The criminal charges filed by the U.S. Attorney for the Northern District of California arose out of the same facts that were the subject of a civil action that the SEC filed against Lee and Chen on September 27, 2012. The SEC's complaint alleged that Lee, who worked in the San Francisco office of Leerink Swann LLC, gleaned sensitive, nonpublic information about two upcoming deals from unsuspecting co-workers involved with those clients and by reviewing various internal documents about the transactions, which involved medical device companies.

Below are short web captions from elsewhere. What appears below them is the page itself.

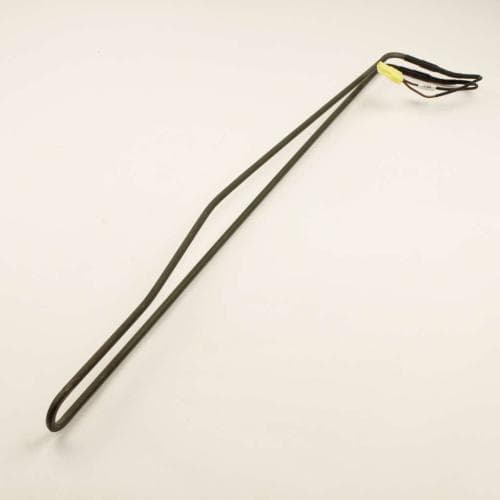 SDDA4700318A da4700318a-da47-00318a-heater-metal-sheath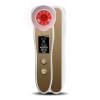 BeautyRelax Kosmetický přístroj Multicare BR-1380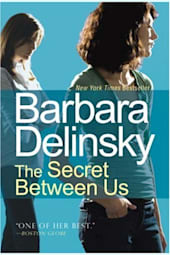 The Secret Between Us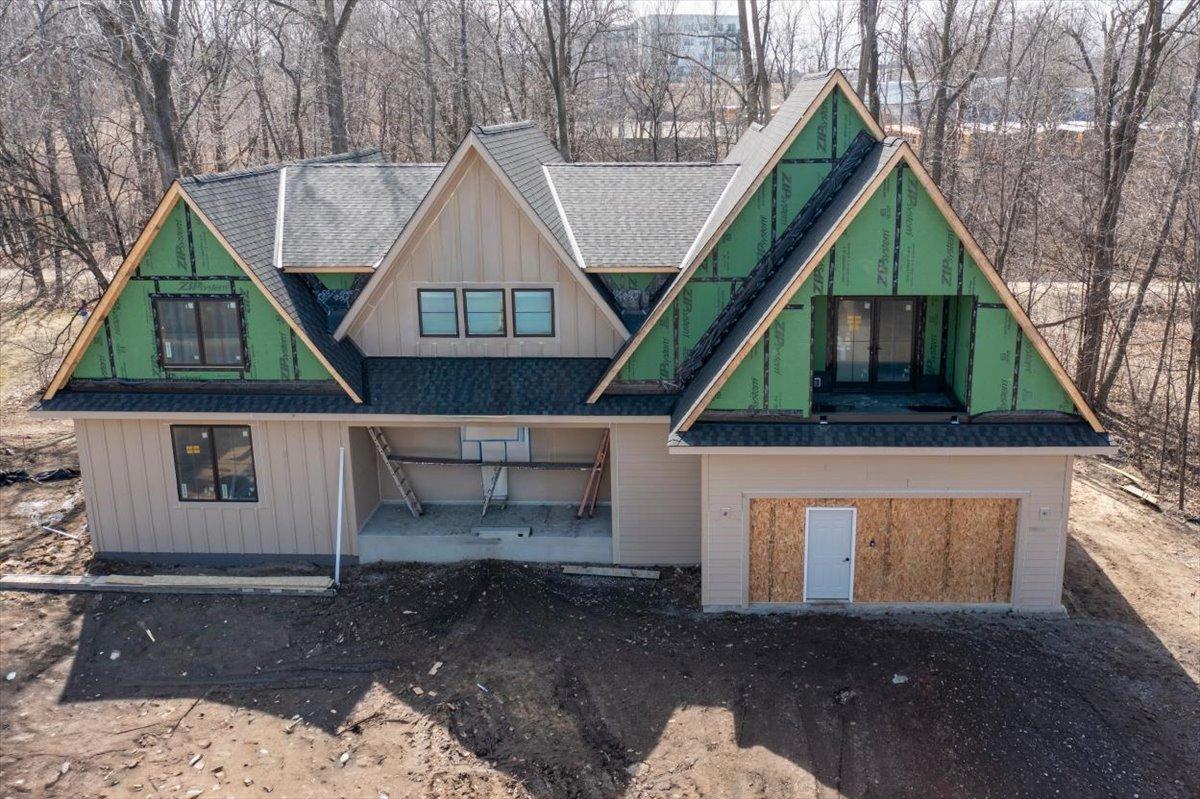 View of Residential at 85 Brentwood Avenue, Excelsior MN 55331, Excelsior (8 of 34) - Mike Wilen | Minnesota Team Real Estate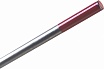 Электрод вольфрамовый WT-20 (2 мм, 175 мм) Optima WT2020
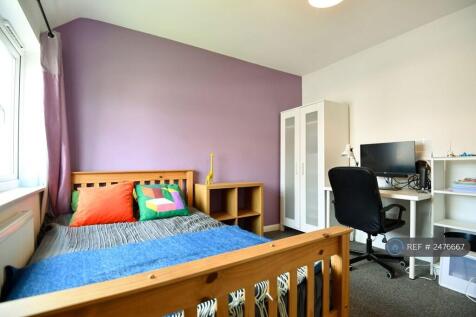 Room 4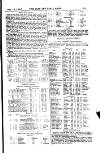 Cape and Natal News Thursday 28 September 1865 Page 11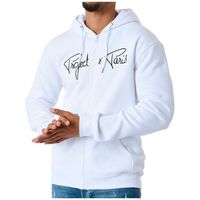project x paris jersey signature para hombre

Lee tipped Chen, his longtime college friend with the confidential information, and Chen traded heavily on the basis of the nonpublic details that Lee had a duty to protect. Chen made more than $600,000 in illicit profits, which was a 237 percent return on his initial investment. Bank records reveal a pattern of large cash withdrawals by Lee followed by large cash deposits by Chen, who then used the money for the insider trading.
According to the SEC's complaint, Lee was first privy to information about Leerink's client Syneron Medical Ltd., which was negotiating an acquisition of Candela Corporation in 2009. He later learned that Leerink's client Somanetics Corporation was in the process of being acquired by Covidien plc. in 2010. As Lee collected nonpublic details about each of the deals, he communicated with Chen repeatedly and exchanged dozens of phone calls and text messages. Some of the calls took place from Lee's office telephone at Leerink. Lee had a duty to preserve the confidentiality of the information that he received in the course of his employment at Leerink.
The SEC alleged that in the days leading up to the public announcements of each of these deals, Chen made sizeable purchases of stock and call options in Candela and Somanetics and made unusual trades in the securities of each of these acquisition targets. Chen had never previously bought securities in these companies, yet he suddenly spent a significant portion of his available cash to buy the Candela and Somanetics securities. Chen proceeded to sell most of his Candela and Somanetics holdings once public announcements were made about the transactions. Because Chen made some of his trades in his sister Jennifer Chen's account, the SEC's complaint also names her as a relief defendant for the purposes of recovering the illegal profits in her account.
As a result of their conduct, the SEC's complaint charged Lee and Chen with violations of Sections 10(b) and 14(e) of the Securities Exchange Act of 1934 and Rules 10b-5 and 14e-3 thereunder. The complaint sought disgorgement of ill-gotten gains with prejudgment interest, civil penalties, and permanent injunctions against Lee and Chen. The SEC's case remains pending.